# Delta 46-460 or NOVA comet II midi lathe?



## mattharper

Hi everyone, I am 15 and have been turning for about a year on a 10×18 mini lathe from harbor freight that was given to me for free. I have made about 5 bowls and have about 11 rough-turned with more blanks needing it, and have also made some pens and boxes, among other things. I would turn more but have had a lot of school work, etc. I have saved up around 450$ (I might need to take a small loan from my mom) and after getting a chainsaw and a bunch of wood from someone cutting down a tree, I want to upgrade. The little guy has done good, but it just takes to long to rough turn a bowl, and the size is limiting. Now I have to make a decision between the delta 46-460 which I have found for 550$ including shipping, and the NOVA comet II which I have found for 520$ including shipping and the reversible G3 chuck. I was set on the NOVA until I heard about belt slippage and not enough horse power for a 12 inch bowl. The delta is a little more and doesn't include the chuck, but if it means I don't have to worry about bogdown or belt slippage like I did with the HF, I'll take it. I want this to be the last lathe I buy until I am living in my own house and can afford afford a Powermatic or something similar.. And trust me when I say I have looked at ALL the other midi lathes, these are the two I have narrowed it down to. So the question is, will I be able to turn a bowl up to 12 inches on the NOVA just as easy as on the delta? Thank you in advance for anyone who replies.

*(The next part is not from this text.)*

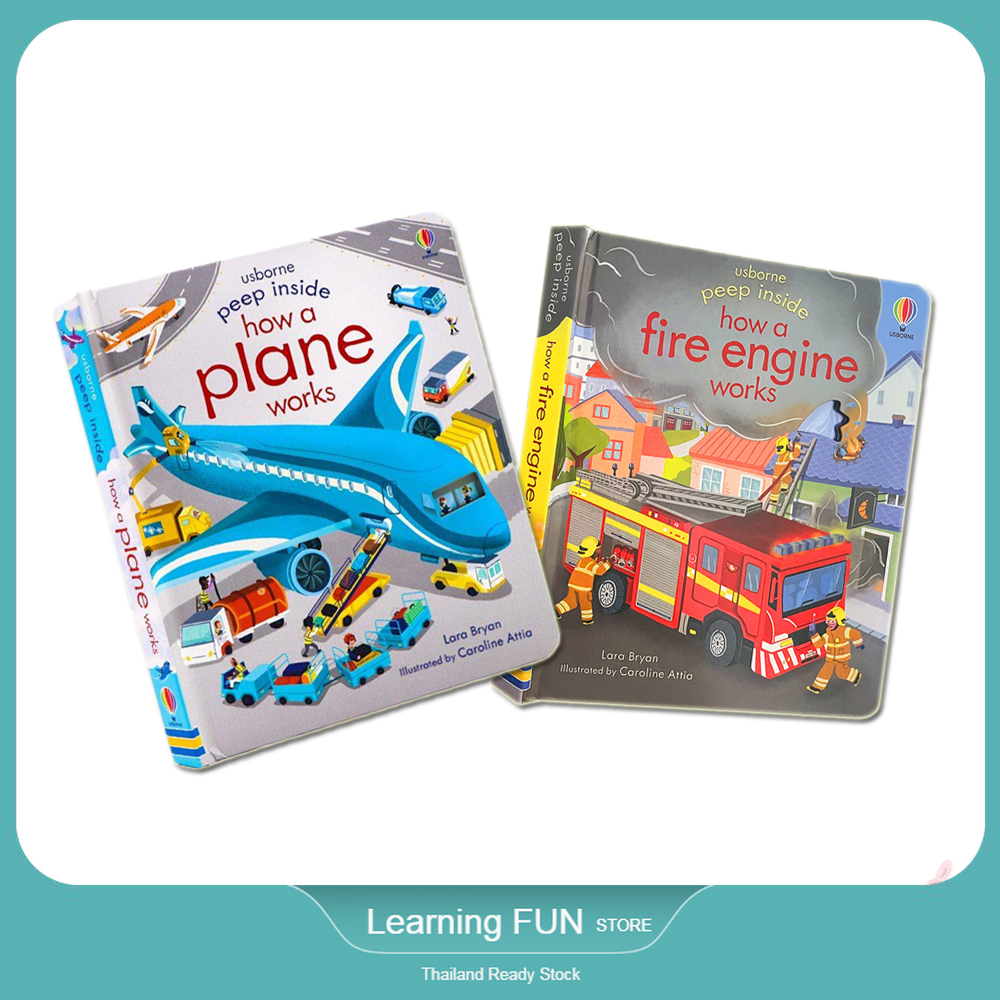 หนังสือภาษาอังกฤษ 1/2 Books หนังสือ Usborne Peep Inside How A Plane Fire Engine Works Children Board Book English Interactive Acitivity Book Montessori Education Book Lift-the Flap Book English Lea...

Also note that the delta 46-460 is only on sale until 3/31/16, and I have a big live oak crotch blank that I want to turn soon before it starts cracking. I do have a chuck right now, but would not be able to use the lathe in reverse with it, so a reversible chuck is something that I will definitely want. That makes the delta about 150$ more than the NOVA in the end.


----------



## Nubsnstubs

Matt, I can't give you any info on the lathes in question, but you're on the right track looking at a Powermatic for your future.

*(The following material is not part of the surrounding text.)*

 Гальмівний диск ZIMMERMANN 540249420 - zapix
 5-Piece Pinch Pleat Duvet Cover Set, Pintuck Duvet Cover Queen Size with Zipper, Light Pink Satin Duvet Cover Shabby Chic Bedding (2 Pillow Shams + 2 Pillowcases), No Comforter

One thing I will tell you is the chuck you have can be drilled and tapped for a set screw. All it takes is someone you might know that has a drill press and a vise if you don't have one. A G3 chuck has it's set screw centered 1/4" from the back edge. The instructions below are for a G3 chuck.

You would need a #3 drill bit, a 1/4-28 tap, and a 1/4" drill bit, and a set screw at 1/4 - 28×1/4" -3/8" long. Don't drill the set screw hole in the same place as the chuck key hole. I found if you use an insert, the 1/4" set screw is too long, and will not allow the chuck key to seat properly. Set the chuck in the vise, center punch the location for the holes you intend to drill, and drill the #3 hole. I don't know what chuck you have, but the steel is soft enough to do this. After the #3 hole is drilled, if there is space between the chuck body and the spindle attachment, drill out the 1/4" hole on the body only. Then tap the 1/4-28 threads for the set screw. If you have any questions, please ask, and I'll help if I can…...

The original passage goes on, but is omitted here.